There's something to be said about waking up at 5:30 and writing a fic off the top of your head.

(Set around the episode that spawned a thousand fics, aka "The Lost Boys", because I'm easily influenced like that.)




Given a Choice, It Would Always Be Sunday
johnrodney, r
12 november 2005


*

At any given moment, Rodney's clock is counting down the minutes to his next cup of coffee.

The thing about drugs is if you won't believe you're addicted, then your body doesn't really understand what it's missing. It's like the itch on the roof of your mouth that aches worse after you've scratched it but also grates away at your nerves with finely tuned irritation if you don't.

Except, you know, it's not really like that at all.

It's like life. You wake up glad you've survived another day, days, another hour or nanosecond of more more more, but mostly it's just one subconsciously constituted breath to the next, wondering where it's all going and when has it been all that great once you got there.

It's like Atlantis with her mysteries and dangers and no easy answers.

It's like coffee.

Rodney thinks: caffeine caffeine caffeine until he's hard and gripping the sheets.

He thinks: John Sheppard's hands which is no man's land but at least it's better than thinking about the wraith enzyme.

*

Sheppard said: This is the plan.

Rodney said: It's a bad plan.

Sheppard said: It might work because he's Sheppard and crazy plans usually turn out sort of ok with him.

When Sheppard touched his shoulder, Rodney thought: You should kiss me now, which is how he knew he had become completely irrational as a drug addict.

*

Rodney once had a dream in which Samantha Carter gave him a blowjob in the bathroom of his old high school wearing a little blue cheerleader’s uniform.
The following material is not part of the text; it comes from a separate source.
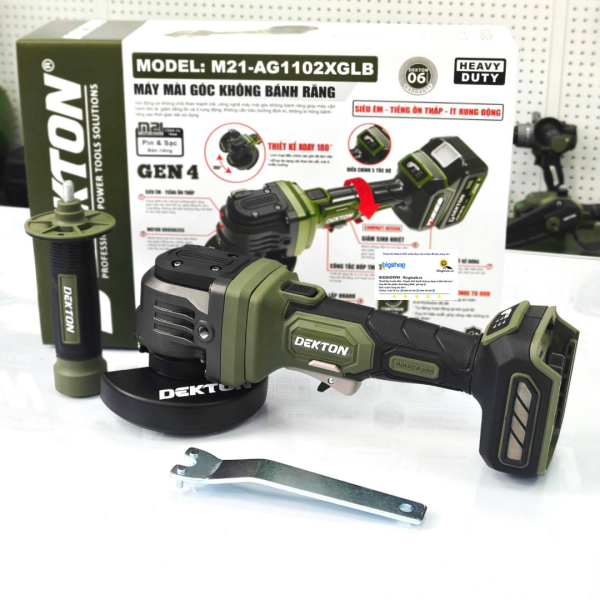 Máy mài góc dùng pin 21V DEKTON M21-AG1102XGLB (Không bánh răng) - Thân máy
It was incredibly hot, but he didn't come until she pulled off and said: potential energy equals m times g times h where m equals mass, g equals gravity, and h equals height.

Potential energy was the reason why Rodney fell in love with physics in the first place.

*

Despite most base assumptions, Rodney's never had a fantasy about Teyla.
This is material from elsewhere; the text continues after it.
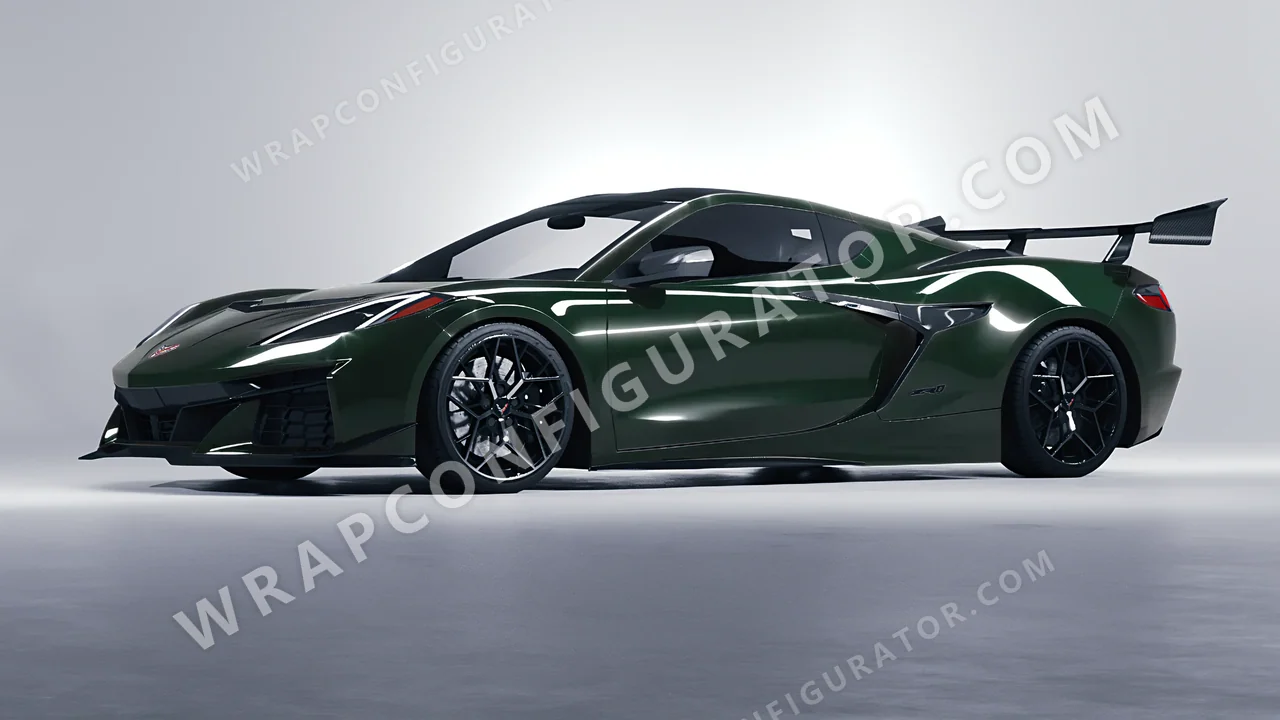 Green Chevrolet Corvette ZR1 2025 wrapped in Colourshield PPF by HyperPro Racing Green HGF84-P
Sure, she's hot in a midriff-showing Amazon princess sort of way because hello, he has eyes, but he also has ears and he's heard her say "I have traded with these people" one too many times before being shot at to be enthralled. Plus, if he wanted some pretty liberal arts girl espousing the benefits of cultural exchange, he'd watch the Travel Channel.

(Well, ok, they don't really get cable in the Pegasus Galaxy, but the whole point is he wouldn't want to anyway.)
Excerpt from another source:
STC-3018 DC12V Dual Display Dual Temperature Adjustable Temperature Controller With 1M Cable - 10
Rodney's always associated attraction with cute but dorky blonds (and brunettes and that one memorable redhead) who spouted esoteric science jargon in their sleep and got hot and bothered by multiple doctorate degrees and tenure.

It might be pragmatism, but Rodney likes to think that he really is one of those high-browed individuals who's turned on by intelligence instead of say, exotic Amazon priestesses (princesses, whatever) unlike certain Kirky individuals.

Rodney McKay likes girls who are: cute, dorky, smart, girls.

Except, ok, there was that time in college with the blackout and final exams, and Mike had a really hot mouth...

How did that go again?

*

It went like this:

"Listen McKay, my GPA really can't take another B+, and Thompson is a really hard grader! "

If Rodney was a better man, he'd feel vaguely sympathetic but the way Mike is sniffling and clutching his arm is mostly just pathetic and not at all hot, so: "This is why you should have studied."

"But Rodney, there's no light."

Rodney smiled smugly. "That's really too bad for you."

"Come on, I'll give you a blowjob." Which, in hindsight, actually wasn't saying much since Mike was pretty much a slut.

"Yeah, you don't really do anything for me so not a fair trade."

"I'm actually pretty good you know. I bet you really want to put your hot tool in my dirty mouth, yeah," Mike moaned.

Rodney wished there was enough light to see his watch because he should be thinking about going to bed early with that test tomorrow. "Are you trying to talk dirty to me?" he asked, yawning.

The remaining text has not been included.